Jocelyn’s still a-traveling seeing relatives this weekend, so here I am again. The biscuits I promised a few posts ago arrive earlier than anticipated!
Making biscuits was always a fun treat when we were kids. I was always amazed at how all you had to do was add milk to Bisquick, and real dough would appear — and it was fun to work with, too! Of course, back then I thought of Bisquick as some kind of magical homogeneous substance that you used to bake, and flour and baking powder and sugar and shortening as rare arcane components tucked in the back of the pantry, only to be pulled out when required once or twice a year. 🙂 I’m glad to report, though, that making biscuits from scratch has done nothing to subtract from their joy: If anything, it’s even more satisfying. My favorite part, then and now, is the little suction-y poof sound the dough makes when you cut a biscuit round out of the sheet. Simple pleasures, really.
These are really quick and easy to make; you don’t need a stand mixer, or even a hand mixer, just a fork, a mixing bowl, and a clean countertop. They’re best fresh out of the oven, of course, but they’re still good once they’ve cooled. (If it’s been too long, a few seconds in the microwave will perk them right back up.)
Biscuits
Yield: 6-7 biscuits; the seventh will probably be tiny, but what’s life without a tiny biscuit made from the leftover dough? 🙂
Ingredients:
- 1 1/4 cup dough mix, plus more for dusting/kneading
- 1/2 tsp xanthan gum
- 1/4 tsp guar gum
- 1 T baking powder
- 1/4 tsp baking soda
- 1 tsp salt
- 3/4 cup milk
- 1/4 cup shortening
Directions:
1. Preheat the oven to 400 degrees. In a small-to-medium mixing bowl, first combine the dry ingredients (dough mix, xanthan gum, guar gum, baking powder, baking soda, and salt) and stir thoroughly. Then, with a pastry cutter or fork, cut in the shortening until the mixture looks more or less homogeneous, or at least until there aren’t any lumps of shortening bigger than a marble. Add the milk, and stir with a fork until it integrates into a soft, messy dough. (You might have to add a touch more dough mix to the dough before it’s quite cohesive enough to turn out, you might not.)
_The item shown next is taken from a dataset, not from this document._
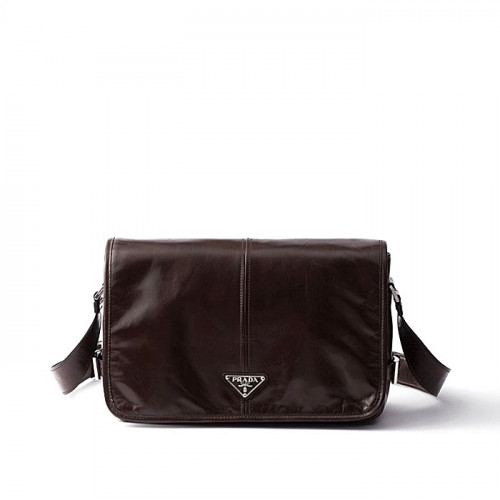 PRADA 레더 숄더백 - 다크브라운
2. Dust a clean countertop with a little dough mix, and turn the dough out onto said countertop. Now, here’s the trick: You do want to knead more dough mix into this dough, but you want to use as little as possible. You’re not trying to improve the dough till it isn’t sticky, just until it’s just not-sticky enough that you can get the biscuits off the counter and onto a cookie sheet after you cut them out. Since you only want to roll the dough out to about 1/4-inch thick and no thinner, it’s not a tall order.
3. Grab a cookie sheet and grease it lightly real quick, then re-dust the countertop and gently roll out the dough with your dusted hands. It’s very, very soft, so you can just press it out flat. Get it about 1/4-inch thick. Take a cookie cutter or plastic cup with a rim the size you want your biscuits, dust it lightly in dough mix, and cut out the biscuit dough with it. Move the biscuits to the greased pan, then re-re-dust the countertop and quickly knead the leftover dough back together and pat it flat again. Lather, rinse, repeat till there isn’t enough dough left for a whole biscuit, at which point you can just put the rest of the dough on the pan as a tiny drop biscuit.
4. Bake for about 15 minutes, give or take, until they’ve doubled in height and started to brown a little. Then dig in!